Von Rolf LöchelRSS-Newsfeed neuer Artikel von Rolf Löchel

Besprochene Bücher / Literaturhinweise

„Erst spät“ habe man die „Qualität“ von Elisabeth Barrett-Brownings poetischem Œuvre erkannt, meint Gerhard Danzer und hält die Entdeckung der englischen Autorin im deutschen Sprachraum Rainer Maria Rilkes „kongeniale Übersetzungen“ zu Gute. Tatsächlich aber hat Helene von Druskowitz die Lyrikerin bereits 1885 in ihrem Buch „Drei englische Dichterinnen“ dafür gepriesen, dass sie in ihrem Vaterlande „unerreicht“ sei. In Deutschland, so fährt sie fort, sei Annette von Droste-Hülshoff „die einzige Ebenbürtige“. Zur Zeit dieses fulminanten Lobes stand Rilke gerade mal in seinem zehnten Jahr. Immerhin aber verweist auch Danzer darauf, dass Barrett-Brownings 1844 erschienene Gedichtsammlung Londons Kritiker „begeistert[e]“, die sie „kurzerhand zu Englands bedeutendster lebender Dichterin“ erklärten. Nachzulesen ist das – mit Ausnahme der Zitate von Druskowitz – alles in einem von Elke Pilz herausgegebenen Band mit elf Essays über „[b]edeutende Frauen des 19. Jahrhunderts“, zu dem Danzer neben Beiträgen über George Eliot und Ellen Key eben auch einen zu Elisabeth Barrett-Browning beigesteuert hat.

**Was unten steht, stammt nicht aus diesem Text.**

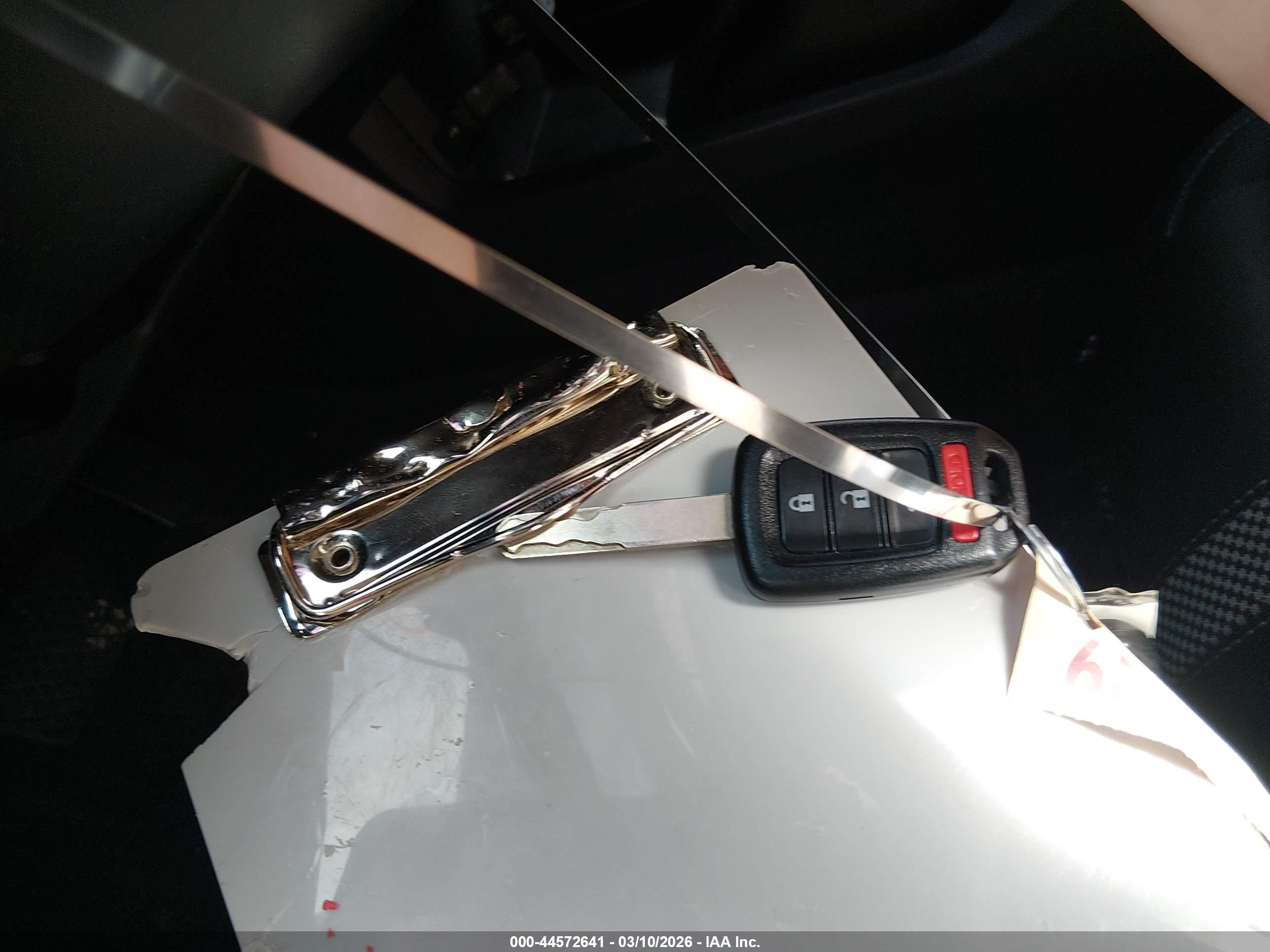 HONDA CIVIC image 11
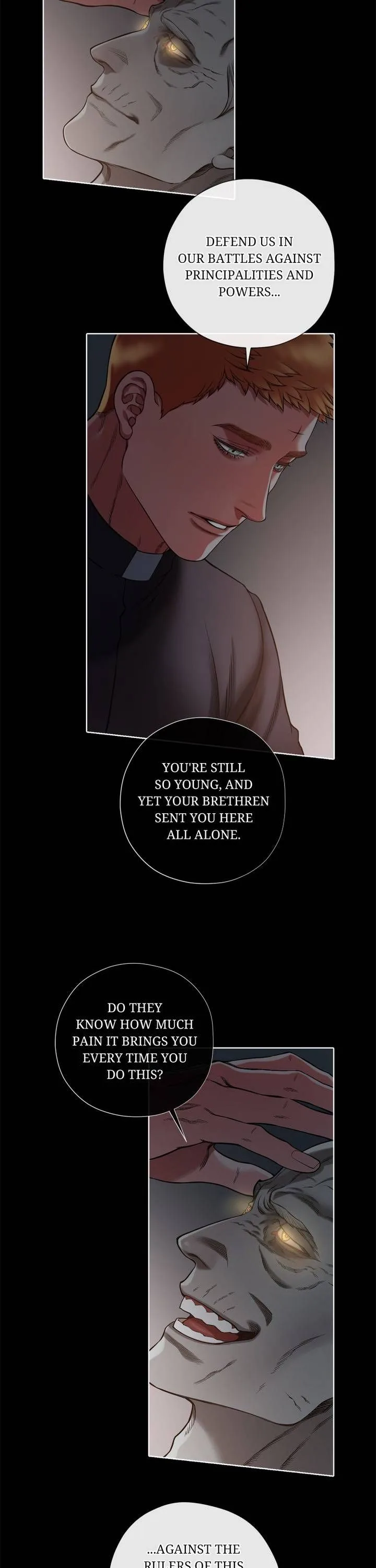 The Black June Chapter 80 page 10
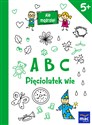 ABC Pięciolatek wie - Opracowanie Zbiorowe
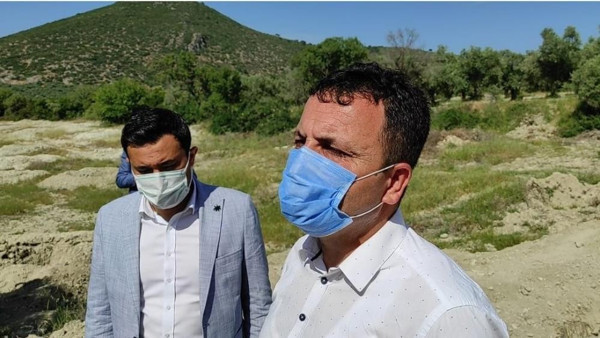 Aydın'da 'bizim kızlar harçlık bekliyor' diye mesaj attı! Skandal patladı: İlk defa böyle bir şeyle karşılaştım - Resim: 1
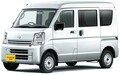 日産、軽自動車「クリッパーバン」などを発売　緊急自動ブレーキなどを標準装備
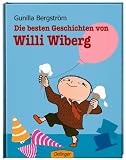 Produkt-Bild: Die besten Geschichten von Willi Wiberg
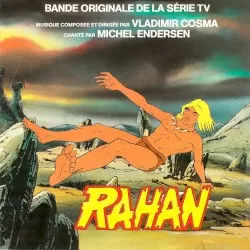 Rahan
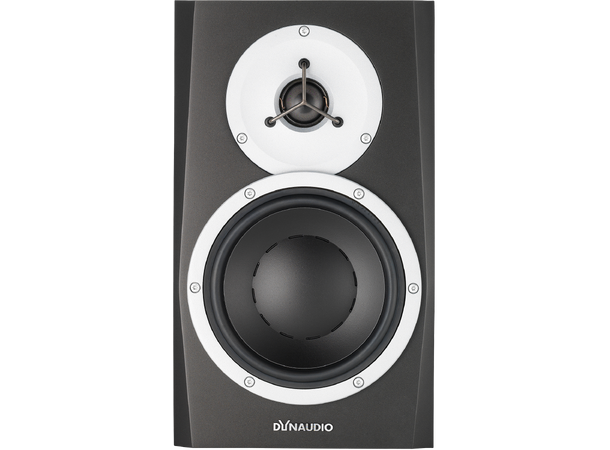 Dynaudio Pro BM5 mkIII Toveis 2x50w, 42 Hz - 24kHz, 116 dB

Wie die Herausgeberin darlegt, sollen die biografischen Essays „exemplarisch“ zeigen, „wie sehr die Frauenemanzipation des 20. Jahrhunderts hinsichtlich inhaltlicher und formaler Gesichtspunkte im 19. Jahrhundert wurzelt“. Nun bestehen diese Wurzeln zweifellos, freigelegt werden sie in den vorliegenden Arbeiten jedoch nur bedingt. Dass die Beiträge als Essays nicht ausnahmslos wissenschaftlichen Kriterien standhalten, versteht sich, auch wenn manche von ihnen ganz offenbar den Anschein erwecken wollen, indem sie beispielsweise mit einer „Conclusio“ schließen. Und gelegentlich stolpert man bei der Lektüre eines Beitrags auch schon einmal über stilistische Unebenheiten, die einem Versuch der Anverwandlung an den Stil der Altvorderen geschuldet sein dürften. Oder sollte etwa von Leihmutterschaft die Rede sein, wenn Renate Köpke konstatiert, dass 1786 „dem Ehepaar Seidler in Jena die Tochter Caroline Sophie Louise geboren [wurde]“. Leihmutterschaft im 18. Jahrhundert? Das wäre sensationell. Weniger sensationell ist, dass sich das Töchterchen später als erwachsene Frau für die „künstlerische Entwicklung“ eines Mannes verwandt, indem sie ihm Modell stand. Das taten viele. Doch trat die „Virtuosin der Freundschaft“ aus diesen Vielen hervor, da sie selbst Malerin war und sich von Kersting einzig malen ließ, um den Verkauf der Bilder des unbekannten Kollegen am Weimarer Hof zu befördern.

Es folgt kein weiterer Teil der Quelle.